Mardi dernier, le New York Times a décidé d’enlever la caricature de son édition internationale après qu’une polémique a éclaté au sujet d’une caricature jugée antisémite, mettant en scène le premier ministre israélien Benyamin Nétanyahou et le président américain Donald Trump. Ce n’est pas la première fois, dans les dernières années, que des caricatures suscitent la controverse dans les médias et sur les réseaux sociaux. Dans plusieurs cas, les gens s’indignent du caractère raciste, homophobe ou encore sexiste de certaines de ces satires.
On a décidé d’en discuter avec la professeure et écrivaine Julie Dufort, qui enseigne le cours Humour et société à l’École nationale de l’humour ainsi que la science politique au Collège André-Grasset, pour connaître son avis sur la décision du New York Times.
J’ai vu que tu étais attristée de la décision du New York Times. Pourquoi ?
Moi je trouve que ce n’est pas une bonne façon de régler le problème, quand on a une controverse, que de simplement retirer une forme d’art. Je pense effectivement qu’il y a plusieurs caricatures qui peuvent reprendre certains stéréotypes, soit sexistes, racistes, homophobes, grossophobe, etc. Selon moi, les caricatures jouent sur une ligne mince.
Mais justement, avec toutes ces polémiques et ces stéréotypes d’une autre époque, est-ce qu’on ne peut pas penser que la caricature est démodée ?
Je pense qu’on n’est pas obligé de dire que toute forme de caricature utilise nécessairement ces stéréotypes-là.
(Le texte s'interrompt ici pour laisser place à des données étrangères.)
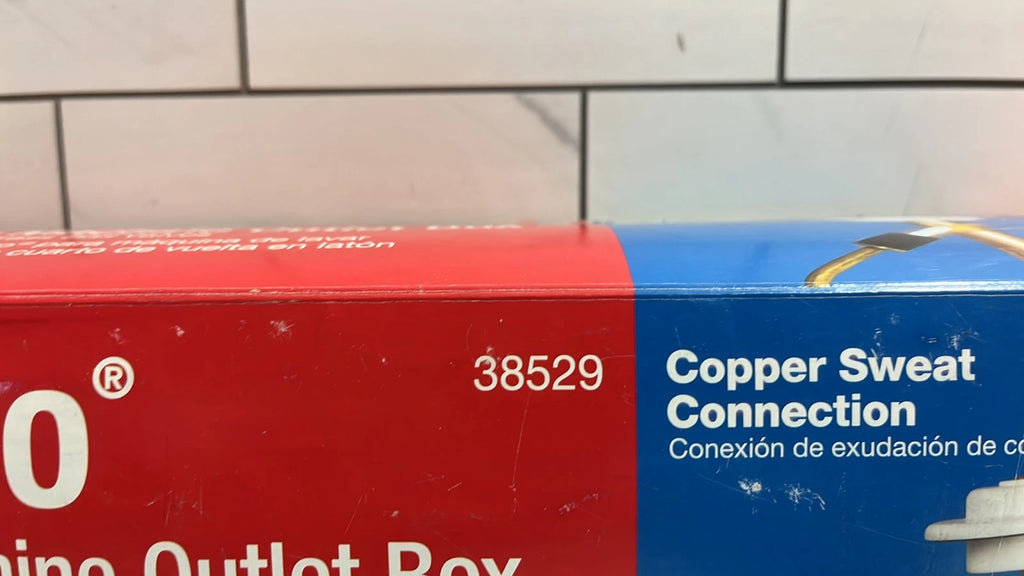 QTY of 2 Oatey 38529 Washing Machine Outlet Box, 1/2 in Connection, Brass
C’est ça, en fait, mon point. Je suis d’accord qu’on devrait renvoyer certains caricaturistes à la table à dessin pour les amener à explorer d’autres visuels que certains stéréotypes clichés et démodés, mais pour moi, ça ne remet pas en question le genre de la caricature politique qui apparaît dans les journaux.
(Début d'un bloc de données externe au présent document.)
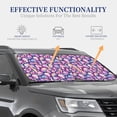 thumbnail image 4 of Saiise cartoon rainbow Skull for Foldable Car Sun Shades (2-Pack) Offer Sun Protection with an Easy-fold Design for Convenient Windshield Shading-Medium, 4 of 6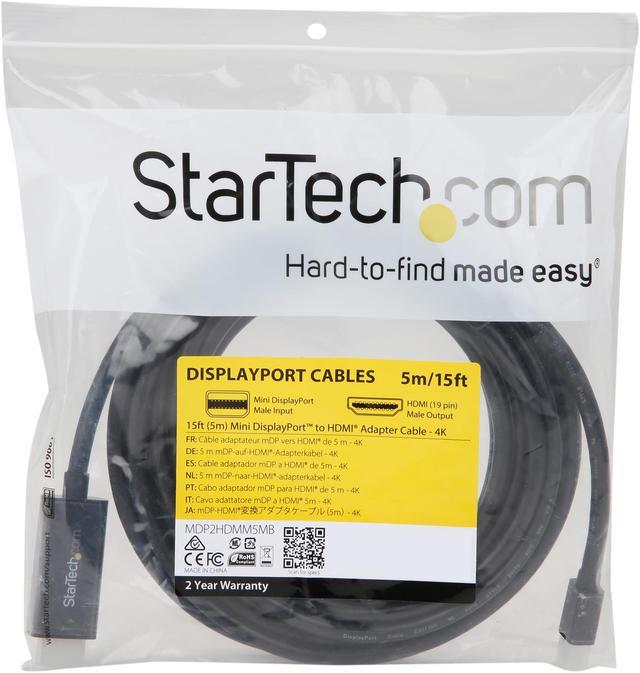 Startech.com câble mini displayport vers displayport 1.2 de 3m - câble  adaptateur mini displayport vers displayport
Je pense que ce qui fait en sorte qu’on a de plus en plus de caricatures qui sont controversées, c’est qu’elles circulent, avec les réseaux sociaux, chez des gens qui ne la consultent pas nécessairement dans le journal. Aussi, je lisais un article qui disait que les caricaturistes sont majoritairement des hommes blancs et âgés. Il y a clairement un manque de diversité chez les caricaturistes et ça, je pense que ça pose problème.
Le Pulitzer pour la caricature éditoriale, ça fait 100 ans que ça existe et le premier Afro-Américain qui l’a gagné, c’est cette année, en 2019. Je pense qu’il y a eu deux ou trois femmes également qui l’ont gagné. Pour moi, le problème vient de là. Peut-être qu’au lieu d’arrêter complètement les caricatures, on devrait se poser la question : pourquoi sont-elles controversées ? Il faudrait régler ces problèmes-là avant de dire qu’on supprime complètement la caricature parce que ça génère trop de controverse. La caricature est là pour créer un débat. Elle est dans la section éditoriale d’un journal. Il y a donc des opinions qui sont véhiculées à travers ça et on doit se le rappeler. Pour moi, ce sont d’autres problématiques qui n’ont rien à voir avec l’art de la caricature elle-même.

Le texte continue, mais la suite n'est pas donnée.